Currently ABM Corp beta is 1.26. The market value of debt is $50M, and the market...

Currently ABM Corp beta is 1.26. The market value of debt is $50M, and the market value of assets is 90M. The company is considering repurchasing its bonds for $10M and issuing common stock for the same amount. The company pays 22% taxes on its profits.
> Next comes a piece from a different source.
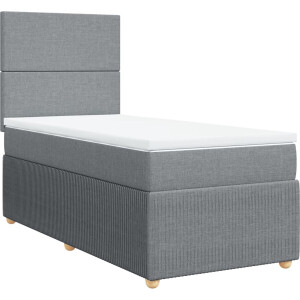 vidaXL - Boxspring - met - matras - stof - lichtgrijs - 100x200 - cm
What is the new beta if risk-free rate is 4.7% and the return on stock market is 9.2%.

Homework Answers

Answer #1

Here Market value of Debt = $50M

And Market value of equity = Market value of asset - Market value of Debt

=90M -50M = $40M

First of all lets find unlevered beta

Unlevered beta = Levered beta / [ 1 + (1-tax rate) x Debt / Equity]

Here Levered beta = 1.26

Tax rate = 22%

Debt after issue of stock = $50 M - $10 M = $40 M

Equity after issue of stock = $40 M + $10M = $50M

Unlevered beta = 1.26/ [ 1 +(1-0.22) x (40/50) ]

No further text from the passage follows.